While Cuffey's Cove prospered, other men besides Kenny started to think of building loading chutes. Fred Hemke built a chute just north of the Cuffey's Cove harbor for his saw mill two miles up Greenwood Creek. At Dinny Doyle's Point (now St. Anthony's Point) on the north end of Greenwood the Chism Chute was attempted. A third one in Li Foo's Gulch (on the north end of the present Greenwood State Park) was started, but not completed by Lorenzo E. White. Two miles south of Greenwood was the forth at Uncle Abe's Landing. None were successful.

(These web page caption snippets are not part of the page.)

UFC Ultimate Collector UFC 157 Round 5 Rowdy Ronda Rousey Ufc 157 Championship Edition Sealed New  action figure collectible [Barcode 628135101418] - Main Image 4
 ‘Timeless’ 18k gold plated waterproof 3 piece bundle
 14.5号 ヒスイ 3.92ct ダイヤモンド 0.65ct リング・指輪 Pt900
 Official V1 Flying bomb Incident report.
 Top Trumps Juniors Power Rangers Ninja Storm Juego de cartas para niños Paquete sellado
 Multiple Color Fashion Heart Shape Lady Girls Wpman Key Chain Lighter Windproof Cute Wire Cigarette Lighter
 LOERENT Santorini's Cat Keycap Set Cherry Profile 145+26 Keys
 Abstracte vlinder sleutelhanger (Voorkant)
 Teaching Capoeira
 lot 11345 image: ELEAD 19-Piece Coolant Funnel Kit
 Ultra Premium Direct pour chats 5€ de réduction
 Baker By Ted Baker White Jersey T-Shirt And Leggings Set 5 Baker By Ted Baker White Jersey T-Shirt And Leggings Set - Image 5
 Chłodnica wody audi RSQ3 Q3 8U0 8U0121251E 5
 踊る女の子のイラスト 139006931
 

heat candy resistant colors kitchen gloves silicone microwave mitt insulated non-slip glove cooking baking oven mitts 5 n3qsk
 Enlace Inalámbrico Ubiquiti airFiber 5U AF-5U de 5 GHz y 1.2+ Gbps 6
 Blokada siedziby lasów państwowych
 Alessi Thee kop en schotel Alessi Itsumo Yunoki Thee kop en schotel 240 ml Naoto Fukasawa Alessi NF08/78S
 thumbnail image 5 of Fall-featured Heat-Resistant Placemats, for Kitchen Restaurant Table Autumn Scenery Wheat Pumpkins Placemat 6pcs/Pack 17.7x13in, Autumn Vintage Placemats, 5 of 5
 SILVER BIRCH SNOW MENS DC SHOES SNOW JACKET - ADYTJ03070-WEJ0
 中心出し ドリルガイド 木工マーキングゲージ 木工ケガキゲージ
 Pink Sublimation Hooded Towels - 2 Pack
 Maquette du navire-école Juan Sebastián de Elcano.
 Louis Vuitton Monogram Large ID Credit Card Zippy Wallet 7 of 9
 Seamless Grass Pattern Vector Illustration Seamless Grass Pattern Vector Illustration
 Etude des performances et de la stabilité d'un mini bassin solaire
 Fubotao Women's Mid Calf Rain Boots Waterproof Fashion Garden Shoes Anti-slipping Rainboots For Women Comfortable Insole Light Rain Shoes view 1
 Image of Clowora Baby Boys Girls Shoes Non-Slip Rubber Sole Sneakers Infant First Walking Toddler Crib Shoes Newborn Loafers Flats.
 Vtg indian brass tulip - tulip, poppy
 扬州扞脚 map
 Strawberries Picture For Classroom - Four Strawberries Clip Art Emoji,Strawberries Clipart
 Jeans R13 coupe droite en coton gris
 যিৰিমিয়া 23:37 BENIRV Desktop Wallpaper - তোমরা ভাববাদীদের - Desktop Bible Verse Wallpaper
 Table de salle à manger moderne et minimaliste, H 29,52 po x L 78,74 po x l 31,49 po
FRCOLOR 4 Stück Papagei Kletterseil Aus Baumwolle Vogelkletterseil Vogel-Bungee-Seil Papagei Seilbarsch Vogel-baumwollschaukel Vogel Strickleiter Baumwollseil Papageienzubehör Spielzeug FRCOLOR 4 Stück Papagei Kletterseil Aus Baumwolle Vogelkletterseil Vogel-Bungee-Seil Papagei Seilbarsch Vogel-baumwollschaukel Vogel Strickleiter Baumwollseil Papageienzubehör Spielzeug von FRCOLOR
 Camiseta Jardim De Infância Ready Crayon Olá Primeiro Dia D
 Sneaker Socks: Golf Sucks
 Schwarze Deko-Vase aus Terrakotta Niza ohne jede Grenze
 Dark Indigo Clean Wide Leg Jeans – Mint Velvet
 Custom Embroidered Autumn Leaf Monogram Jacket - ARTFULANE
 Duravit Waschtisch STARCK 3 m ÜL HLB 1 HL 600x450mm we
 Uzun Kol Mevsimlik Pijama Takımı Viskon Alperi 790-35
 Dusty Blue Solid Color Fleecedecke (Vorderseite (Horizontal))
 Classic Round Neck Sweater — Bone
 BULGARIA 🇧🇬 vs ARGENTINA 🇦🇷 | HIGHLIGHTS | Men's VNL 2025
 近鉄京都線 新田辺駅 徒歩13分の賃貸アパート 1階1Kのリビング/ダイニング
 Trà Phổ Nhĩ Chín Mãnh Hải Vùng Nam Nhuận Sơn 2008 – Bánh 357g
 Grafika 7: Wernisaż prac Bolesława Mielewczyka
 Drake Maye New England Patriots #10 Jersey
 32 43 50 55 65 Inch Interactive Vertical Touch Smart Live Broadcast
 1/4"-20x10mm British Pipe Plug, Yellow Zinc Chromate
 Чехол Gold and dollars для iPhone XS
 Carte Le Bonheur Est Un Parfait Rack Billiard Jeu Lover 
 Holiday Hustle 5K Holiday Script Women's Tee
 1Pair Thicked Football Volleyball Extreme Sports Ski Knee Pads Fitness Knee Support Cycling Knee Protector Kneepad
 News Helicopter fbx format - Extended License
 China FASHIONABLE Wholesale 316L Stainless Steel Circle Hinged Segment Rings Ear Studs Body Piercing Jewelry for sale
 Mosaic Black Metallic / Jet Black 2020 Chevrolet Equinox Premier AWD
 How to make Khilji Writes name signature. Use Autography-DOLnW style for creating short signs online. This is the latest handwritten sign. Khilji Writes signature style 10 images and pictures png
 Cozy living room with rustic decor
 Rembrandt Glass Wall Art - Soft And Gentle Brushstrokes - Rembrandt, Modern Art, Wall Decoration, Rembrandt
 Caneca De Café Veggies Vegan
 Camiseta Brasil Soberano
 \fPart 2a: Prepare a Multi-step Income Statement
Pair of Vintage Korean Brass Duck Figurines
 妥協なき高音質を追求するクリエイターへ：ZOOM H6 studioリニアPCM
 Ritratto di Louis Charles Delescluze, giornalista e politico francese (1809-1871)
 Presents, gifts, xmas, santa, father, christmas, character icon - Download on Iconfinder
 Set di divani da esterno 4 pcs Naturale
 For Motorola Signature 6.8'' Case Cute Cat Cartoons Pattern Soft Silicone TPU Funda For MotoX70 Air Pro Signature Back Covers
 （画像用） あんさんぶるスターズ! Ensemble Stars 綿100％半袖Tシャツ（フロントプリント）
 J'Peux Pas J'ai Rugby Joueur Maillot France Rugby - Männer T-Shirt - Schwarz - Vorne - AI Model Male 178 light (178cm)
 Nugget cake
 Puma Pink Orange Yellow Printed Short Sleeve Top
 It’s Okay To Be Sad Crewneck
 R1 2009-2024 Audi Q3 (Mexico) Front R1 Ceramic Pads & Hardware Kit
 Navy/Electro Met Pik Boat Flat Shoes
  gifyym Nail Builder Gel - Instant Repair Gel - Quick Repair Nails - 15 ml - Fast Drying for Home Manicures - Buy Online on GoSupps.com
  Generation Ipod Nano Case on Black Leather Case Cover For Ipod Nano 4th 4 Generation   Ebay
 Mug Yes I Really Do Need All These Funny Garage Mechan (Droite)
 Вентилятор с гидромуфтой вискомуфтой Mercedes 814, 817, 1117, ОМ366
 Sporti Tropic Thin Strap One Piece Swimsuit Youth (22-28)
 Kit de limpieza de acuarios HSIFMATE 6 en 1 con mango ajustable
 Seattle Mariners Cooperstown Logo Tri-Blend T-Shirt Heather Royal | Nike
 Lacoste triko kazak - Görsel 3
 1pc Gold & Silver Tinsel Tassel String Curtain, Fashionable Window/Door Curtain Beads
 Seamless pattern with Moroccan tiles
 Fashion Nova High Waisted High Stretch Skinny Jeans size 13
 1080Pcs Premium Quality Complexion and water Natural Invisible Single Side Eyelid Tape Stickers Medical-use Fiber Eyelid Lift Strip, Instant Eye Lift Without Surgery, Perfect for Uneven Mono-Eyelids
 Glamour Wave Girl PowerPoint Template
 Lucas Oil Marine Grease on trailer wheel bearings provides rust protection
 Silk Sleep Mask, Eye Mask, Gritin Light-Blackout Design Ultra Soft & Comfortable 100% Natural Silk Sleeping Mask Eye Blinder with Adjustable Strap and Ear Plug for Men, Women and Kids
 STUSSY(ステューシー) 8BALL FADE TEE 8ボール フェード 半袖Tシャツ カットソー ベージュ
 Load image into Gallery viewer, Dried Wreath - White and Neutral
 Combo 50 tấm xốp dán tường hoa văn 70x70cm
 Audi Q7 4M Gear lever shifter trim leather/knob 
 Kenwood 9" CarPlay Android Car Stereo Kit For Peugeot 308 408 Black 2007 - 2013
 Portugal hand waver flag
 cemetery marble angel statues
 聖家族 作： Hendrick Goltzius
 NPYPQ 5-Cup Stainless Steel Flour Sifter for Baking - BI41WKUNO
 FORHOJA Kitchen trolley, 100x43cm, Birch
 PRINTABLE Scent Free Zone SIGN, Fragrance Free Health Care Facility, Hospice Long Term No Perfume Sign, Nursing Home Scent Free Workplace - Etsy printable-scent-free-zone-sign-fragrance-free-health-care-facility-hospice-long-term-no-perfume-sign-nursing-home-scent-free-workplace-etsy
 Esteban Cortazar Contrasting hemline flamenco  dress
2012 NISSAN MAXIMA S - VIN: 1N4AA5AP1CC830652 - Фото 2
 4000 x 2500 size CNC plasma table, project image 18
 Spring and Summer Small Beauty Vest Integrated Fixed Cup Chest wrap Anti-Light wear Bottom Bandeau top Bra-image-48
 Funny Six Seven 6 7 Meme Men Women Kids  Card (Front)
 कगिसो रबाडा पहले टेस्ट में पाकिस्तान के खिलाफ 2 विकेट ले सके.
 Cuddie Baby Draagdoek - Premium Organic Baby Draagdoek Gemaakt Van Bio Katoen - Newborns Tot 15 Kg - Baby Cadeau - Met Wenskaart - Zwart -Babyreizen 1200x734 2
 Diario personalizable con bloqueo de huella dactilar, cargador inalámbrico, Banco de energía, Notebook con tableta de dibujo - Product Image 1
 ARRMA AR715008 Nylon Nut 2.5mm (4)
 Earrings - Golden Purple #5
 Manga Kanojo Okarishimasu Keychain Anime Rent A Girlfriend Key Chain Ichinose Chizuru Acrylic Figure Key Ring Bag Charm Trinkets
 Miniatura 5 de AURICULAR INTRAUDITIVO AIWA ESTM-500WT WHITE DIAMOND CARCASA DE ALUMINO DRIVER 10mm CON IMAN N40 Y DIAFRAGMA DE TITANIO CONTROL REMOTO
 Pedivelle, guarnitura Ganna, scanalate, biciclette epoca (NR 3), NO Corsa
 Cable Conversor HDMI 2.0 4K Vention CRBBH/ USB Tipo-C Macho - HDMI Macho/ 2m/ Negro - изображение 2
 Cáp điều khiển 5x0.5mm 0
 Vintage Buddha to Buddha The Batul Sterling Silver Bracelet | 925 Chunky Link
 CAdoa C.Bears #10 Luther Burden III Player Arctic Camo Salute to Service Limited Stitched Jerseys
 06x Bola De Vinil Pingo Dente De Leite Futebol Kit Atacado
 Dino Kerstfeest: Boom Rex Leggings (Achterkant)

The course of history was about to change when L.E. White bought 21 acres of land in Greenwood from his brother-in-law, J.S. Kimball. White complained about the shipping facilities in Cuffey's Cove and was determined to remedy the situation and build a sawmill on Greenwood Creek. White had built a railroad to carry his products to Cuffey's Cove and now all he needed was the chutes. He attempted to buy them for $40,000 but Mr. Kenny wanted $75,000. Undaunted, White began work with surveyors, laborers and seamen in Greenwood to find a suitable location of his own on his land. He proposed to build a steep incline from the cliffs to a wharf build along the rocks in Greenwood Cove. The project took two years to complete but was successful. The wharf lasted the lifetime of the mill he built at the mouth of Greenwood Creek. The success of this wharf basically put Cuffey's Cove out of business and the town drifted into history. Much of Cuffey's Cove packed up and moved to Greenwood.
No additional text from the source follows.